## First Programming Assignment

### Due: March 13, 2017

In this homework you will develop three parallel implementations of the n-Queens problem, measure their performance and explain it.

The n-Queens problem is defined as follows:
Find the total number of distinct solutions to place a given number of chess queens on a quadratic chess board with a specific number of squares on one side of a board (n) in a way that no two queens would be able to attack each other. Two queens can attack each other when they are placed on the same horizontal row, vertical column or in one of (2 × (2 × n - 1)) possible diagonals.

For example, on an 8×8 board, there are 92 distinct solutions. The difference between a unique and distinct solution is that distinct solutions allow for symmetrical operations, like rotations and reflections of the board, to be counted as one; so an 8×8 board has 12 unique solutions. The n‐Queens problem has exponential complexity.

The world record at the moment is held for the solution on a 26×26 board implemented on a custom supercomputer using FPGAs at TU Dresden. More information is available here.

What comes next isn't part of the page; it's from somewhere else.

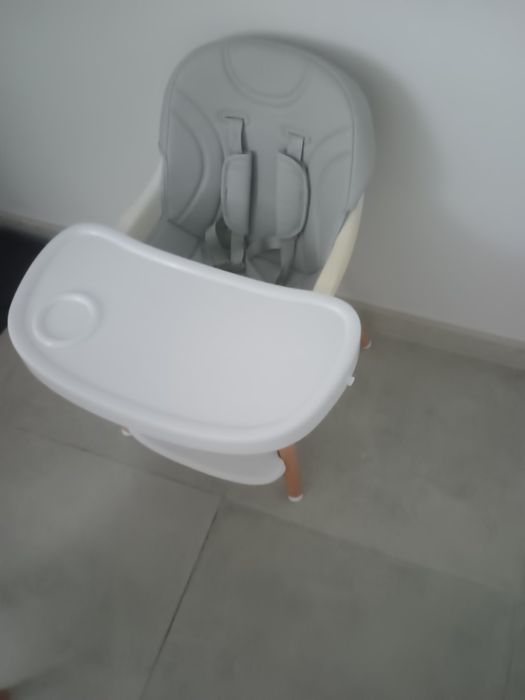 Krzesełko do karmienia Skiddou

You are asked to parallelize an efficient serial implementation of the algorithm, which finds distinct solutions using bit vectors. The code will be distributed to you via the class mailing list. Your team should parallelize the code using three programming models: OpenMP, Cilk, and TBB.

• OpenMP is a de facto standard for parallelizing code on shared‐memory multiprocessors. OpenMP uses compiler directives (pragmas) to parallelize code. It assumes a global address space and a relaxed memory model. For parallelization, OpenMP uses worksharing constructs --which specify distributions of loops between processors-- and/or asynchronous tasks, which are specified explicitly by programmers. In addition, programmers have control over data privatization by providing data annotations in directives.
• Cilk is a multithreaded programming language, which is a faithful extension of the C language. Cilk programs implement a strict multithreading model and a scheduler following the work-first principle, which we will discuss further in class. Cilk is ideal for parallelizing recursive algorithms that use the divide‐and-conquer strategy.
• TBB is a library of parallel patterns and algorithms in C++, developed by Intel. It includes a large library of patterns, parallel data structures and algorithms that the programmer can use to describe parallelism at a high level of abstraction.

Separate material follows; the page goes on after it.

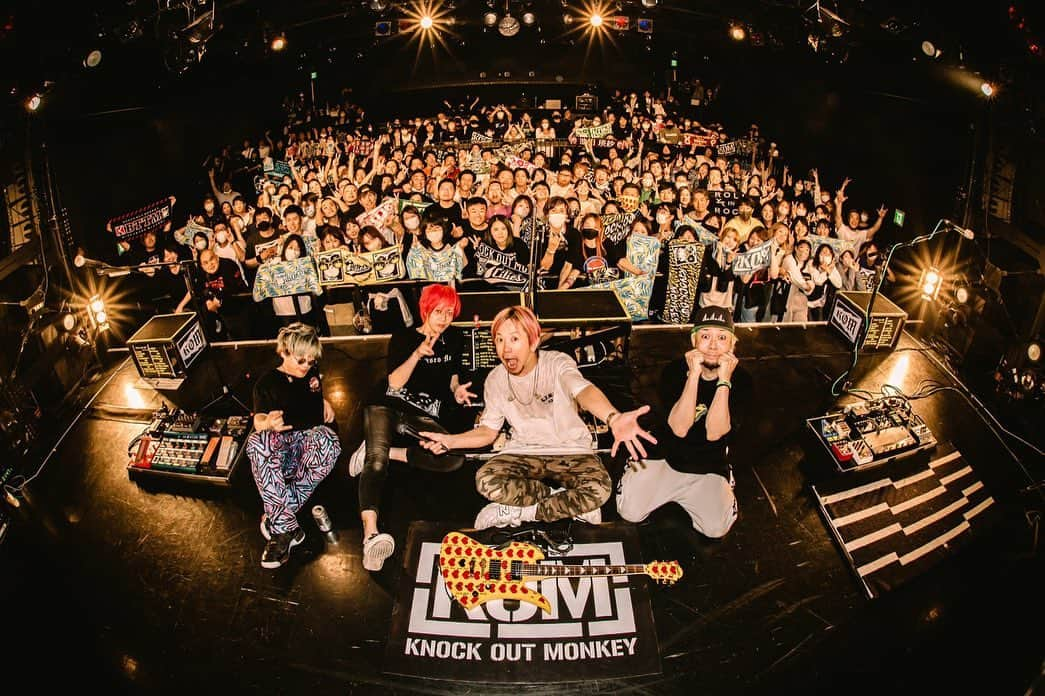 dEnkAさんのインスタグラム写真 - (dEnkAInstagram)「Thank you, Osaka❤️‍🔥 Thank you, 7 cities🖐️🤘 Get you😘」5月3日 3時16分 - denka69er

You are free to devise the parallelization strategy yourselves using the aforementioned programming models and you are free to pick the compilation flags of your code. You are not allowed to modify the algorithm but you are free to use any parallel control structures that you see fit (including loops, tasks, vectors, etc.) You will measure your algorithm on chessboards of size 10×10, 12×12 and 15×15. You should try your best to achieve high performance and good scalability of your parallel algorithm! You are welcome to discuss your ideas with the instructor.

You will carry out the assignment on an 8-core x86 SMP (shared-memory multiprocessor) system at FORTH-ICS. Instructions on how to access the machine will be posted soon. Carry out the project in groups of two students. You need to write a report of your project, where you describe:

1. the parallelization strategy and the parallel control constructs that you used (loops, tasks, threads, etc.) with an explanation of your choices;
2. any optimizations that you performed to improve parallelism, locality, communication, or synchronization;
3. a detailed analysis of your experimental results.

While there is no prescribed length of these reports, they should not exceed 8 pages of text, including figures and references.